For New Zealanders, Lightbox is the place to go to watch the latest award-winning TV series, blockbuster movies, favourite children’s shows, and other entertainment on the device of their choice. Owned by New Zealand’s chief digital services company, Spark New Zealand, Lightbox is the leading local entertainment streaming business.
As anyone who has ever streamed a suspenseful drama or exciting action movie knows, there’s no room for problematic performance anywhere in the digital customer experience. And Lightbox knows as well that its competitive advantage is dependent on delivering the kind of experience that keeps customers streaming and renewing their subscriptions.
Maintaining reliability and performance is the highest priority for Mike Robinson, chapter lead of IT applications and development for Lightbox at Spark New Zealand. ‘Our infrastructure and applications must be in top form at all times’, he says. ‘Our number one priority is making sure everything is stable and performing well, even during peak usage.’
Going behind the scenes was a no-go
A third-party company created the core platform for Lightbox, which Lightbox runs on Amazon Web Services (AWS). The platform was delivered without instrumentation, which meant that Robinson and his team had little visibility into what was happening inside the platform. ‘Often, if we made changes, the platform would crash’, says Robinson. ‘We had no ability to see where the problems were originating.’
However, stability and service interruptions weren’t the only issues the Lightbox team faced. It also didn’t have the insight into application performance and resource usage in the AWS environment it needed to properly scale the environment to handle peak usage. ‘If you can’t see what’s happening at a detailed level in your environment, you can’t make intelligent resource choices because you don’t know how it will affect performance’, says Robinson.

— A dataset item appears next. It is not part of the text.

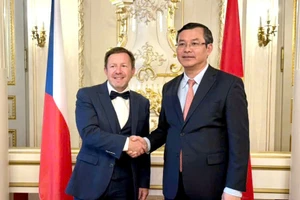 Thứ trưởng Bộ Giáo dục, Thanh niên và Thể thao Cộng hòa Séc Jaroslav Miller và Thứ trưởng Bộ GD&ĐT Việt Nam Nguyễn Văn Phúc tại buổi làm việc.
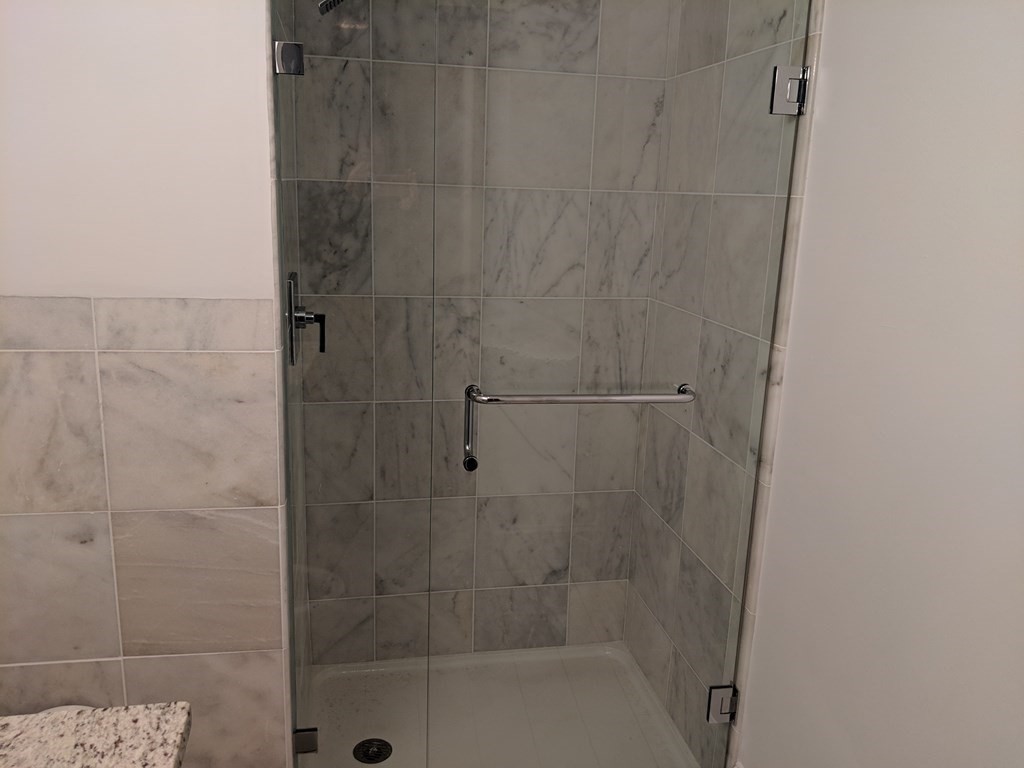 6 Whittier Pl, West End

Garnering high ratings for stability
After hearing about New Relic, the team at Lightbox were anxious to try it. ‘When we switched on New Relic, the insight we had into the current platform state meant we had to quickly shift all our focus to stabilizing the platform over a four week period.’ Says Robinson.

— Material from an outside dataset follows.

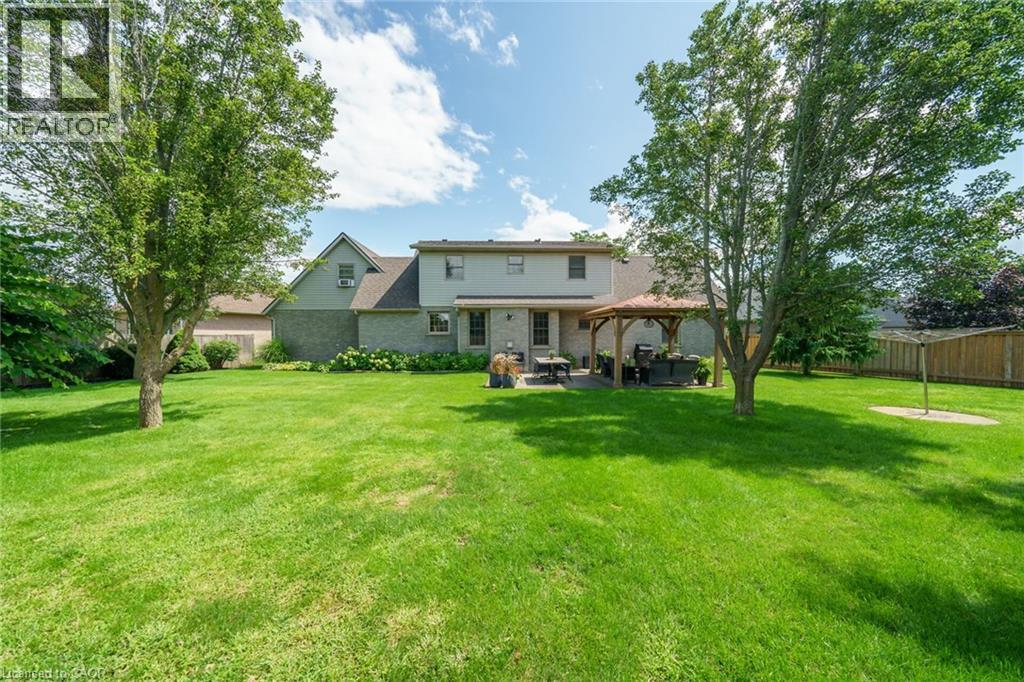 17 Angle Street, Simcoe, ON - Outdoor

After successfully completing the stabilization, the team turned its attention to fixing additional bugs and optimising performance, says Robinson, ‘as everything started getting fixed, our overall stability improved significantly.’ Lightbox quickly deployed New Relic across its entire stack, including the website, backend infrastructure, middleware, testing environment, and across its various mobile and TV applications.

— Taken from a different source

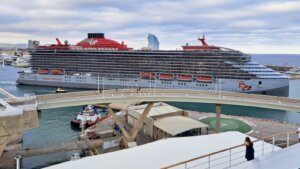 Hoe kom je van het vliegveld van Barcelona naar de cruiseterminal?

Finding an episode ten times faster
In addition to the stability issues the Lightbox team had discovered, it was also surprised to learn that the platform was constantly operating at peak capacity. ‘The “engine” was basically redlining every night and things were catching fire, but we weren’t aware until we deployed New Relic’, says Robinson.
‘Using data from New Relic, we improved performance to the point where we can now easily handle traffic increases of at least four or five times our current peak usage’, says Robinson. ‘For example, we reduced the response time on average from about 500 milliseconds to less than 50 milliseconds. That’s 10 times faster for normal users and as much as 30 times faster for others. We also improved video load time from as long as 40 seconds to as little as 2 seconds. And we did all this in just 4 weeks’ time. With New Relic delivering code-level information, we’ve been able to rapidly improve the customer experience for all our users.’
The Lightbox team used New Relic to determine that a major bottleneck was occurring because the platform was performing hundreds of queries to a database every time a certain transaction ran, which meant queries happened thousands of times a minute. ‘We thought, “What if we use caching so the application doesn’t have to query every time someone asks for a show?” That reduced the load on the database by a factor of 1,000’. New Relic makes it really easy to identify quick wins like this,’ he says.
Giving data a starring role in DevOps success
New Relic gives the Lightbox team confidence in its DevOps processes and resulting code that it didn’t have before. ‘New Relic helps us optimise the resources we use for end-to-end testing, identify and debug errors easily during tests, and understand performance and stability before and after changes’, says Robinson. ‘It gives us trust and confidence in automated deployments because everything has been vetted in testing using New Relic to track and understand any potential impact.’
Robinson credits New Relic with helping the team deploy faster, with greater quality. ‘The time between code going into master and going live decreased from 600 hours to less than 20 minutes’, says Robinson. ‘The lead time from when a ticket was entered to code going into production dropped from six to eight weeks to roughly one week. New Relic helped us dramatically increase productivity to reduce both cycle time and lead time while improving quality and stability.’
‘With New Relic, we moved from needing to monitor deployments, to having enough insight and trust in the platform that we could literally push the button and start working on the next feature. Visibility into the deep workings of the platform enables us to reconsider how things are architected, make decisions based on real data, and focus on what will deliver value.’